How to avoid underpaying or overpaying
- Match the application to the correct fee scale before you start.
- Use the official title information and executed deed, not a draft.
- Check whether the matter qualifies for electronic submission.
- Confirm the correct value band and round nothing unless the rules tell you to.
- Where multiple titles or mixed applications are involved, assess each filing pathway separately.
Limitations of any calculator
No online AP1 fees calculator can replace the official rules in every scenario. Some applications attract fixed fees, others can involve complex combinations of fees, and some may be exempt, reduced, or treated differently because of the document lodged.
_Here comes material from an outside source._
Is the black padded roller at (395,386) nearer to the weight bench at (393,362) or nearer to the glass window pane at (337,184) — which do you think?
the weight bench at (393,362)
If your transaction involves first registration, transfer of part, large-scale estate management, unusual leasehold restructuring, or a requisition from HM Land Registry, you should verify the exact fee against the latest published guidance.
Official sources you should check
For authoritative information, review the HM Land Registry application form page for Form AP1, the official HM Land Registry registration services fees guidance, and broader market context from the Office for National Statistics UK House Price Index. Those sources help you validate both the filing mechanics and the commercial context surrounding the transaction.
Practical examples
Example 1: A buyer completes on a £240,000 flat and the application qualifies for Scale 2 electronic pricing. The calculator places the value in the £200,001 to £500,000 band and estimates the fee at £80.
Example 2: A more complex matter falls under Scale 1 and is filed on paper at a value of £620,000. The calculator places it in the £500,001 to £1,000,000 band and estimates £655.
Example 3: A conveyancing firm wants a budget for 4 similar Scale 2 electronic applications at £95,000 each. The fee per application is £30, so the estimated total becomes £120.
Best practices for conveyancers and property professionals
- Build fee checks into your post-completion workflow.
- Use standard matter templates that flag the likely fee scale early.
- Train staff on the difference between AP1 filing mechanics and fee band selection.
- Encourage electronic submission where eligible to reduce costs and friction.
- Keep a current internal copy of the official fee schedule for audit and supervision.
Final takeaway
An AP1 fees calculator is most valuable when it is quick, transparent, and grounded in the published fee structure. It helps you estimate cost, compare submission methods, and spot when a transaction may need closer legal review. Use the calculator on this page as a reliable starting point for budgeting common AP1 related registrations, then confirm any edge case directly against HM Land Registry guidance. That combination of speed and verification is the best way to reduce filing errors and keep property transactions moving smoothly.